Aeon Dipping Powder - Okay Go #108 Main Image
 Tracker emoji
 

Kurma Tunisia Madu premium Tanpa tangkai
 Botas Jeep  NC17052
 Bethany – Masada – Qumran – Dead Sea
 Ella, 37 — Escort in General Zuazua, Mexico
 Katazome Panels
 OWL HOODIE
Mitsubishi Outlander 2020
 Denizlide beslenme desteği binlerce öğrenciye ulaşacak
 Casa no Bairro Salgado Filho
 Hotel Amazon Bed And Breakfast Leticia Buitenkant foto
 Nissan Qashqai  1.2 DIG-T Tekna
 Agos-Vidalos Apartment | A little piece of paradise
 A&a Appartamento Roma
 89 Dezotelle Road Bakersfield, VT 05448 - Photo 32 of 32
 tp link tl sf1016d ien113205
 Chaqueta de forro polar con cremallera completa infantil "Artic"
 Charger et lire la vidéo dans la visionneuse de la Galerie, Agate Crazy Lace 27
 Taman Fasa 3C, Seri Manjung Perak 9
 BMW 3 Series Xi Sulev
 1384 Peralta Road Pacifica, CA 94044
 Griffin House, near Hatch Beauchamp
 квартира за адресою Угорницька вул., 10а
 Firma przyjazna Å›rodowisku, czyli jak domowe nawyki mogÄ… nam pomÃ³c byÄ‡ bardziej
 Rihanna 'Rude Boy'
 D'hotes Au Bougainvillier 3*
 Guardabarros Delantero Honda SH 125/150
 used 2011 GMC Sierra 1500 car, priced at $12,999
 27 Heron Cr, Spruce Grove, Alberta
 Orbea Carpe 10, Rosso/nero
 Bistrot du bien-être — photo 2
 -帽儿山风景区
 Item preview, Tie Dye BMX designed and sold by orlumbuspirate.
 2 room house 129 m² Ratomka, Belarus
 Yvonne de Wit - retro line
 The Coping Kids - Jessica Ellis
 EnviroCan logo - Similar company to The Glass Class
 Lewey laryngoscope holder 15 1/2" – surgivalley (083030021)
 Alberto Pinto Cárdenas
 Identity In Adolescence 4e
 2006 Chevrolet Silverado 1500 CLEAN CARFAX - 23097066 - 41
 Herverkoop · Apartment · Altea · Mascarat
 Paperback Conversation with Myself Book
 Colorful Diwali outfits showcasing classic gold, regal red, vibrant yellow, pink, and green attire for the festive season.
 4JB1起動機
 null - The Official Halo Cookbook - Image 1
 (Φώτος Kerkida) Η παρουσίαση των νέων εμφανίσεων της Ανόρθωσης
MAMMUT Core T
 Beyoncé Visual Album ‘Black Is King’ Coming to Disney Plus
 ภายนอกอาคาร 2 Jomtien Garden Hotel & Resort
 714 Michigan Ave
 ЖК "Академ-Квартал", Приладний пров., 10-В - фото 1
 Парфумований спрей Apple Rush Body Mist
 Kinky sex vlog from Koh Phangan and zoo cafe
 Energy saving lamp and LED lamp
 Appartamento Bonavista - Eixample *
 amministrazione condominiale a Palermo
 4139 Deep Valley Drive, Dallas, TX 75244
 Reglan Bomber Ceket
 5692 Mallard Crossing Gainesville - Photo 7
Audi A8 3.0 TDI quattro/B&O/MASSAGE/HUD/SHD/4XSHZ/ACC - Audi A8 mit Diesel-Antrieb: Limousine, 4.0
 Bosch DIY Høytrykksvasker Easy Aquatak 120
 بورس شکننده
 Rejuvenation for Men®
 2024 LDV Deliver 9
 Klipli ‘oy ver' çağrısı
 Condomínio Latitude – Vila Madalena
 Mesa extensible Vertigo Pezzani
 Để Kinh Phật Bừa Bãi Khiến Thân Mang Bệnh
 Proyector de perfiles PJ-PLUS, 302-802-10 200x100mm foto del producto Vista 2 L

### WORK TASK
Look through the material above and print exactly the lines from the one containing "Orbea Carpe 10, Rosso/nero" to the one containing "The Coping Kids - Jessica Ellis", both included, and nothing more.

### RESPONSE
 Orbea Carpe 10, Rosso/nero
 Bistrot du bien-être — photo 2
 -帽儿山风景区
 Item preview, Tie Dye BMX designed and sold by orlumbuspirate.
 2 room house 129 m² Ratomka, Belarus
 Yvonne de Wit - retro line
 The Coping Kids - Jessica Ellis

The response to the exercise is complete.